How could they be certain the ghola was capable of destroying the Emperor?
Irulan asked.
She could just as well have asked if melange were capable of destruction,
the Reverend Mother countered.
It was a rebuke with a subtle message, Irulan realized. The Bene Gesserit
"whip that instructs" informed her that she should have understood long ago this
similarity between the spice and the ghola. Melange was valuable, but it exacted
a price -- addiction. It added years to a life -- decades for some -- but it was
still just another way to die.
The ghola was something of deadly value.
The obvious way to prevent an unwanted birth was to kill the prospective
mother before conception, the Reverend Mother signaled, returning to the attack.
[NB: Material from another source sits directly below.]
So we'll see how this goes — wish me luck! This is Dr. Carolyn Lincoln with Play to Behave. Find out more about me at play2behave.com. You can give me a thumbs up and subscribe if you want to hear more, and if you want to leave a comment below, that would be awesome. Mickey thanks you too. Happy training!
Of course, Irulan thought. If you decide to spend a certain sum, get as much
for it as you can.
The Reverend Mother's eyes, dark with the blue brilliance of her melange
addiction, stared up at Irulan, measuring, waiting, observing minutiae.
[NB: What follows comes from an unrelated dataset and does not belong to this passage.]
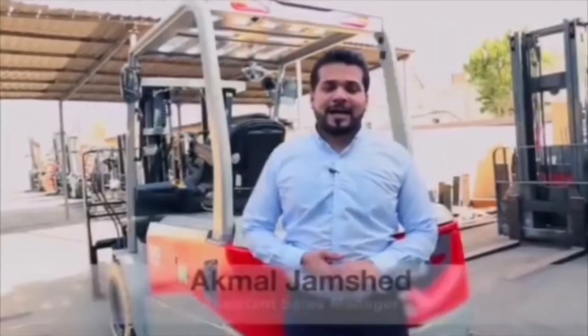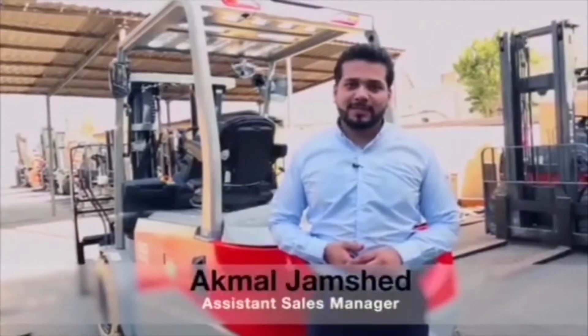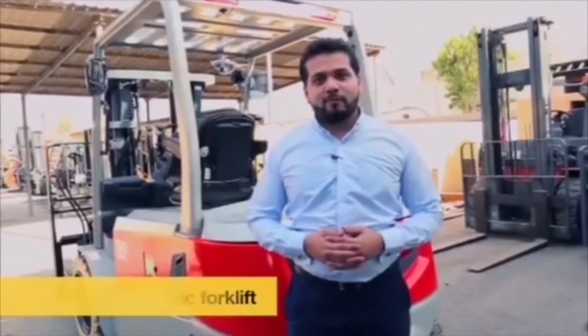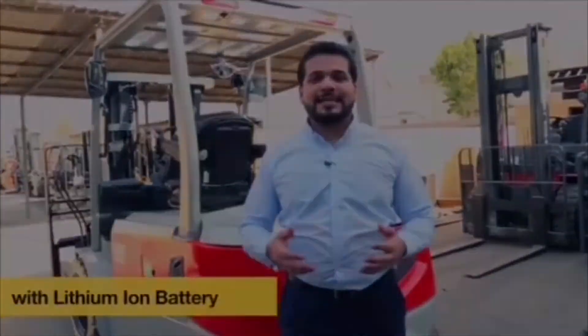Hi everyone, I am Akmal Jamshen. I am working at Hala Equipment as an ASM. Today we are going to discuss the new advanced G3 Heli 5-1 electric forklift with a lithium ion battery.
She reads me clearly, Irulan thought with dismay. She trained me and
observed me in that training. She knows I realize what decision has been taken
here. She only observes now to see how I will take this knowledge. Well, I will
take it as a Bene Gesserit and a princess.
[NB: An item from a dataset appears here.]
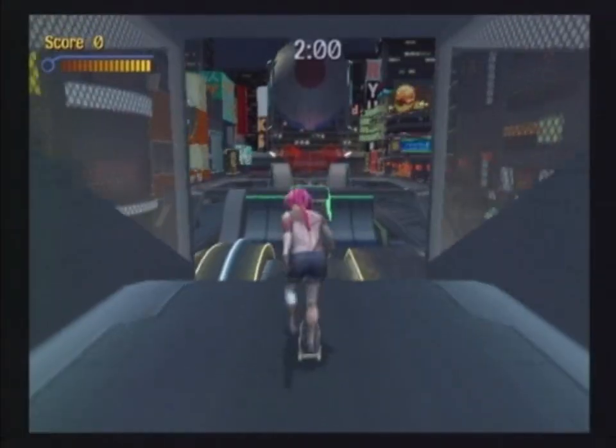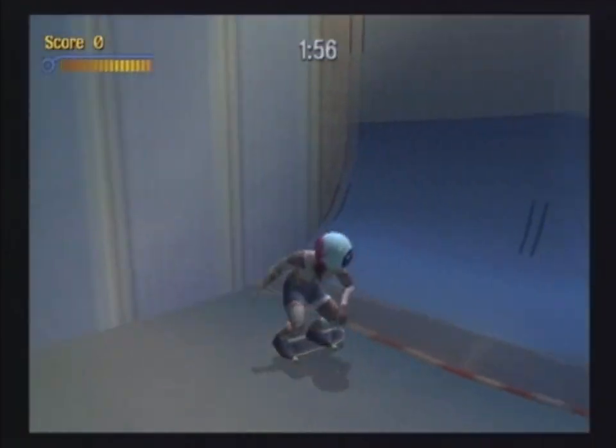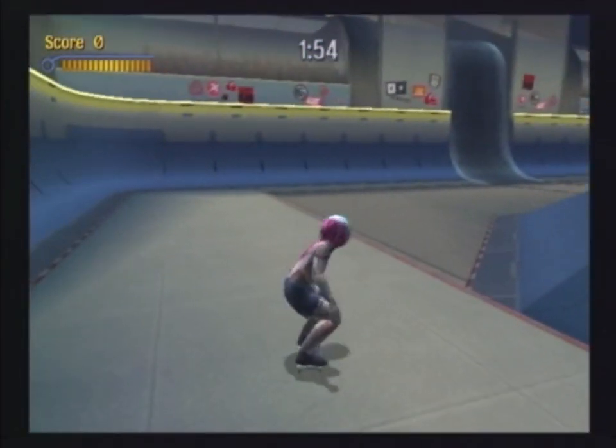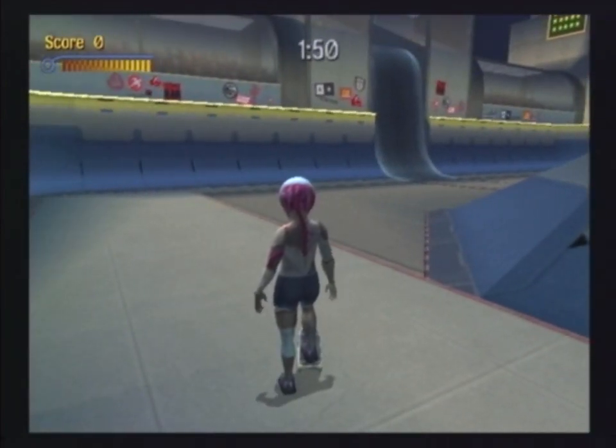During this move, I'm going to show you how to access the secret level in the level Tokyo. Once you take off from the level start position, you want to take a look at the scores box. You want to grind all the way across the top rail, which leads to the wire, to the yellow billboard sign, to the controller marquee, to the brown blue neon sign.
Irulan managed a smile, pulled herself erect, thought of the evocative
opening passage of the Litany Against Fear:
"I must not fear. Fear is the mind-killer. Fear is the little-death that
brings total obliteration. I will face my fear . . . "
When calmness had returned, she thought: Let them spend me. I will show them
what a princess is worth. Perhaps I'll buy them more than they expected.
After a few more empty vocalizations to bind off the interview. Irulan
departed.
When she had gone, the Reverend Mother returned to her tarot cards, laying
them out in the fire-eddy pattern. Immediately, she got the Kwisatz Haderach of
the Major Arcana and the card lay coupled with the Eight of Ships: the sibyl
hoodwinked and betrayed. These were not cards of good omen: they spoke of
concealed resources for her enemies.
She turned away from the cards, sat in agitation, wondering if Irulan might
yet destroy them.
= = = = = =
The Fremen see her as the Earth Figure, a demigoddess whose special charge is to
protect the tribes through her powers of violence. She is Reverend Mother to
their Reverend Mothers. To pilgrims who seek her out with demands that she
restore virility or make the barren fruitful, she is a form of antimentat. She
feeds on that proof that the "analytic" has limits. She represents ultimate
tension. She is the virgin-harlot -- witty, vulgar, cruel, as destructive in her
whims as a coriolis storm.
-St. Alia of the Knife as taken from The Irulan Report
Alia stood like a black-robed sentinel figure on the south platform of her
temple, the Fane of the Oracle which Paul's Fremen cohorts had built for her
against a wall of his stronghold.
She hated this part of her life, but knew no way to evade the temple without
bringing down destruction upon them all. The pilgrims (damn them!) grew more
numerous every day. The temple's lower porch was crowded with them. Vendors
moved among the pilgrims, and there were minor sorcerers, haruspices, diviners,
all working their trade in pitiful imitation of Paul Muad'dib and his sister.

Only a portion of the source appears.